One state lawmaker said Thursday that she was “absolutely horrified” when she saw Trump’s demands while an analyst in Washington said the “incredibly unreasonable” list is “just a way to sabotage negotiation” on any bill to replace the Deferred Action for Childhood Arrivals program.

Rep. Raul Grijalva, D-Tucson, called Trump’s negotiation posture “extortion.” He called on House Democrats to ignore the rhetoric and work toward a permanent solution like the DREAM Act, by separating the issues of a pathway to citizenship for 800,000 DACA recipients from border security and stricter enforcement.

“It’s holding 800,000 young people hostage so that he can get his political agenda on immigration done,” Grijalva said Thursday of the president’s statement. “I think it’s sad and very unpresidential, but him going back on his word and lying doesn’t seem to be a problem with this president.”

But Arizona Republican Reps.

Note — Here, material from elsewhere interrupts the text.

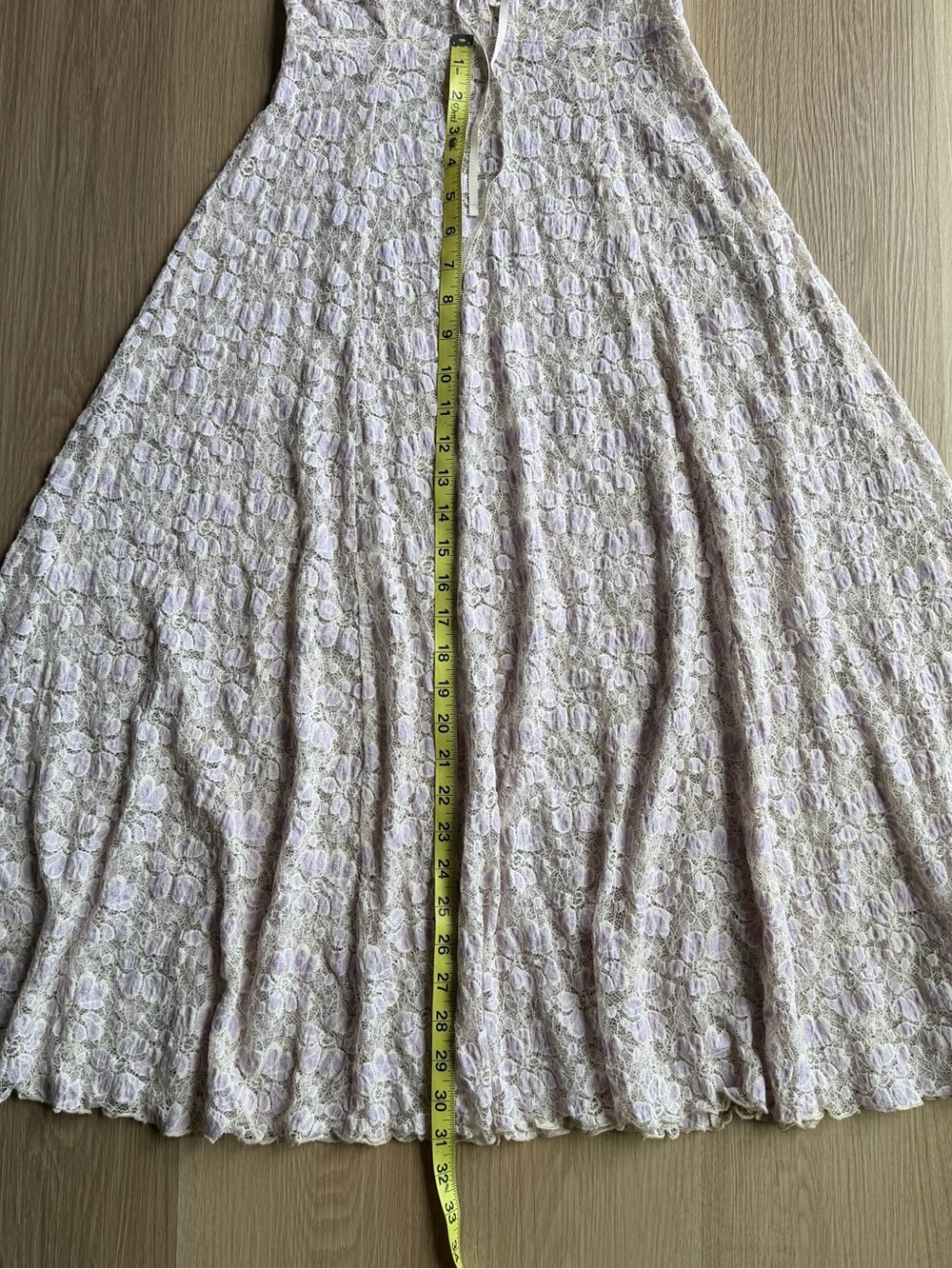 Urban outfitters Iris Lace Floral Midi Dress Size XS - Picture 7 of 7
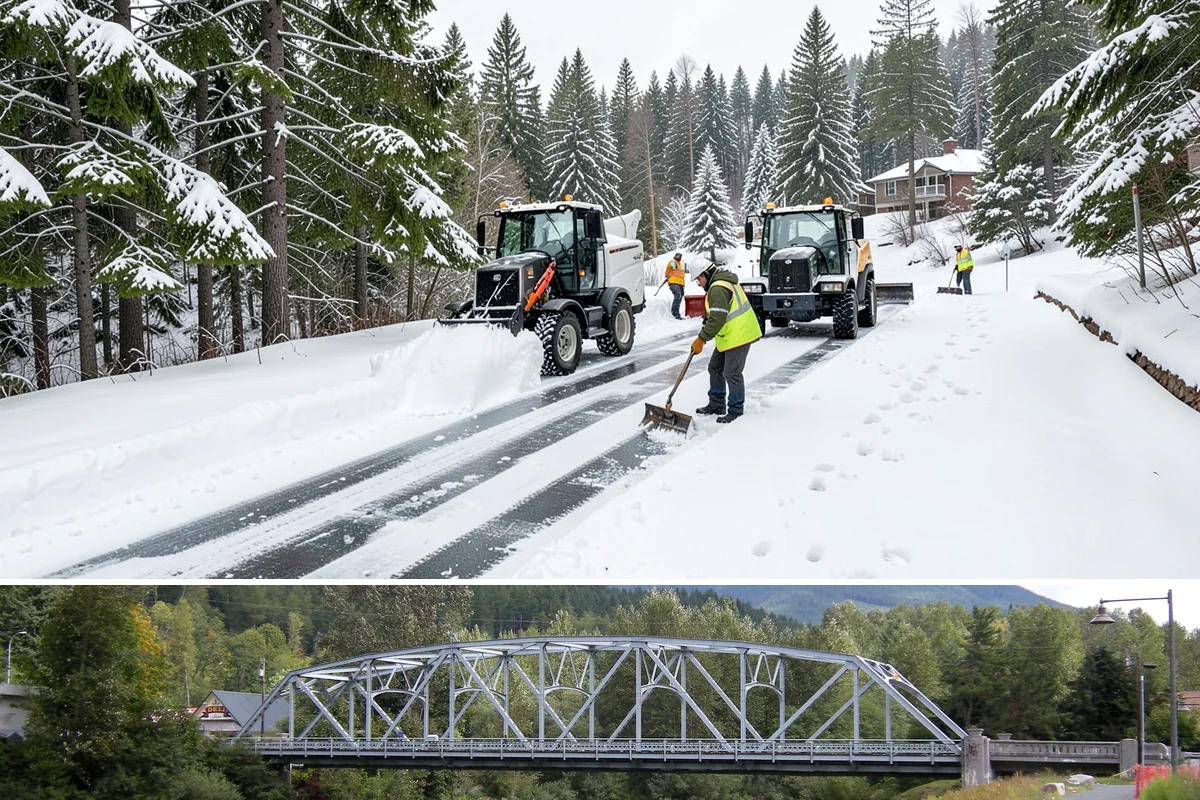 Emergency Driveway Clearing in Skykomish, King County, WA - Emergency driveway clearing is available all winter, with heaviest demand during overnight lowland snow events from late fall...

Paul Gosar of Prescott and Andy Biggs of Gilbert hailed Trump’s action, commending him for following through on stricter enforcement of immigration policies, something that was central to his campaign.

“I applaud @POTUS for keeping his immigration promises to the American people,” Gosar said in a Tweet Monday. “We must secure our borders, and he is going to do just that.”

Biggs said he thinks most Americans and most of Congress agree – but acknowledged that one of the “major hindrances” for the administration will be getting past the 60 votes needed in the Senate to head off a filibuster on the proposals.

“I am confident that, if enacted by Congress, these actions would secure our open borders and reduce incentives for illegal immigrants to remain in or enter the United States,” Biggs said in a statement Tuesday. “The American people are tired of these flip flops, and we must give them the results they deserve – before any other reforms are enacted.”

The “immigration principles and policies” laid out by Trump list more than 70 items in three broad areas. The first, border security, includes building a wall and making it easier to repatriate unaccompanied children, asylum seekers and other immigrants. Interior enforcement includes cracking down on sanctuary cities, hiring 10,000 immigration officers and requiring use of e-Verify when hiring. The final category, establishing a merit-based immigration system, calls for giving preference to skilled and financially stable immigrants, among other changes.

Arizona Rep. Isela Blanc, D-Tempe, during a conference call Thursday on how children of DACA recipients could be affected by loss of the program, said she was “absolutely horrified” by Trump’s proposal. She called it a response to the growing Hispanic population in the U.S. and a way of “redefining what this White House wants this America to be…. Which is more white.”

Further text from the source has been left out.